Students at OA-BCIG High School, serving the communities of Odebolt, Arthur, Battle Creek and Ida Grove, have an experiment aboard the spacecraft, which was to depart from the International Space Station early Thursday.
This is the second experiment from a high school in Ida County to reach space in the last 12 months. Students at RidgeView High School, serving Galva, Holstein, Schaller, Early and Nemaha, had an experiment on NASA's last Space Shuttle mission in July 2011.
The Ida County Economic Development group instigated these efforts via the Student Space Flight Experiment Program, which has seen that 12 such experiments from students across the U.S. have traveled into space in the last two missions.
Participating students from both Ida County high schools will travel to the National Air & Space Museum in Washington, D.C. in July to present their findings.
OABCIG High School students sent killifish eggs into space on this mission, one that began with the launch of the unmanned Dragon capsule on May 22 from Cape Canaveral Air Force Station, Fla.
The Dragon docked at the International Space Station on Friday, at which time astronauts cracked open the killifish eggs fluid mixing enclosure, exposing eggs to space for about five days.
The eggs will be returned to the high school in Ida Grove in a few weeks, allowing students and instructors to compare the sample against those in a control group left at home.
"We want to see if the bones and muscles of the killifish are weaker than those that stayed on earth," says Jessica Gunderson, a 14-year-old sophomore to-be at OABCIG. "We'll also dissect their kidneys to see if they have kidney stones."
Gunderson's experiment was fine-tuned with the aid of Brittanie Rigby, a junior to-be at OABCIG, and incoming high school seniors Austin and Justin Sadler.
"When we started talking about experiments to put in space, people were talking about some complicated ideas," Gunderson says. "And I won't lie: I couldn't wrap my brain around it. Anything you sent up had to be dormant along its way up there.

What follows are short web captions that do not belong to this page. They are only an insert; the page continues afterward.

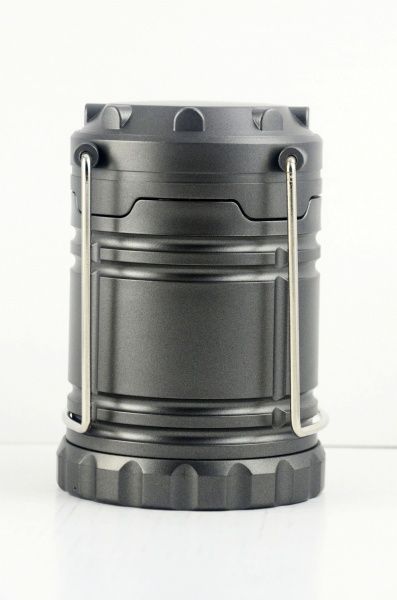 Фонарь кемпинговый Treker LP-6378B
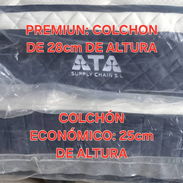 COLCHONES - Img 56781502
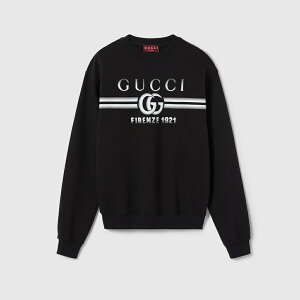 Ob` GUCCI Y vg RbgW[W[ XEFbgVcy784413 XJGKQ 1152 zyzyKiz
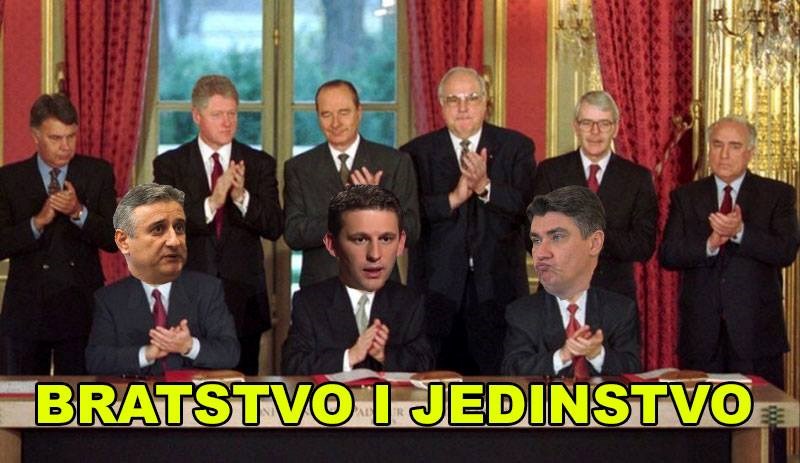 aaaaaaaahahahahhhaaaa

"I thought it would be cool to look at tiny fish. The killifish was big enough I could see it and we could do test work on it, and it would be dormant."
Remember, this is a 14-year-old talking. She's just starting driver's education and she's examining the effects of micro gravity on an organism's kidneys.
"Our local economic development group, Ida County Economic Development, continues to believe that efforts such as these are what helps provide our students with tools to compete globally," says Rita Frahm, president of the Ida County Economic Development organization.
Gunderson, the daughter of Tim and Mary Gunderson of rural Kiron, Iowa, says she has an interest in space, one fostered by this program.
"I want to go up there, but I don't know if I could be an astronaut," she says. "It sounds a little scary."